I share your disgust and outrage at the self-serving lie, put by many who appear themselves to be property speculators, that housing is still affordable.

I am technically a baby-boomer, but didn't make the right career moves, had a relationship breakdown and was forced to sell my house, so I am largely in the same boat as you.

Howard now claims to favour housing affordabiity but before the 2004 elections he was actaully wearing the housing unaffordability as a badge of pride. Of course he didn't refer to it as 'housing unaffordability', rather it was the increase in the value of the assets of existing homeowners that his supposedly brilliant economic management had brought about.

When a questioned about housing unaffordably he deflected it claiming that everyone he met were grateful that the value of their asset had gone up.

Presumably he never met renters, and if he had, he was saying that they didn't matter to him because at that time they only comprised a minority of the population.

The fact that should have been obvious to even Howard back then was that increases in real estate values are of no net benefit to society.

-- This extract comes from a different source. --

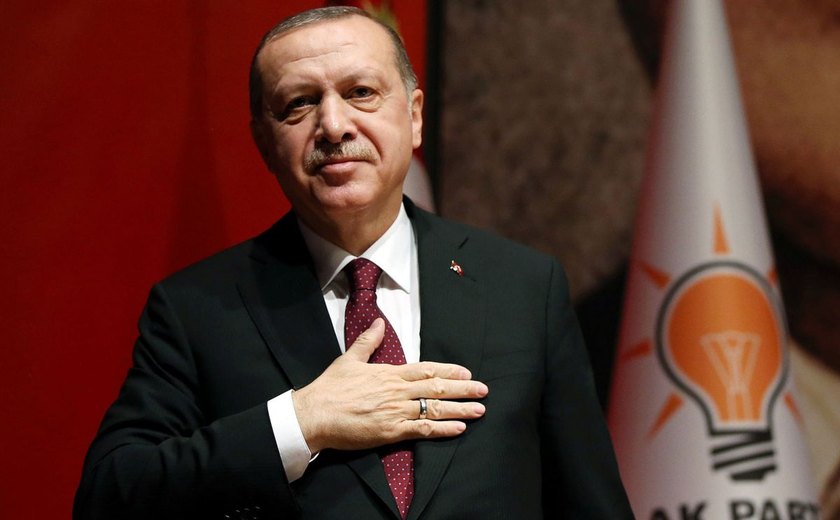 Presidente turco ameaça ampliar ofensiva contra curdos na Síria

At best one person's gain is someone else's loss and indebtedness. In fact, inflated housing costs are a huge cost to the whole of society and those whose asset on paper, is worth, say AU$500,000, instead of AU$150,000 which is roughly what it should be, are not anywhere near as much better off as they would like to believe they are.

Whatever you do don't forget to vote against Howard. Not promising much joy from Rudd, but things can only get much worse if Howard is not thrown out.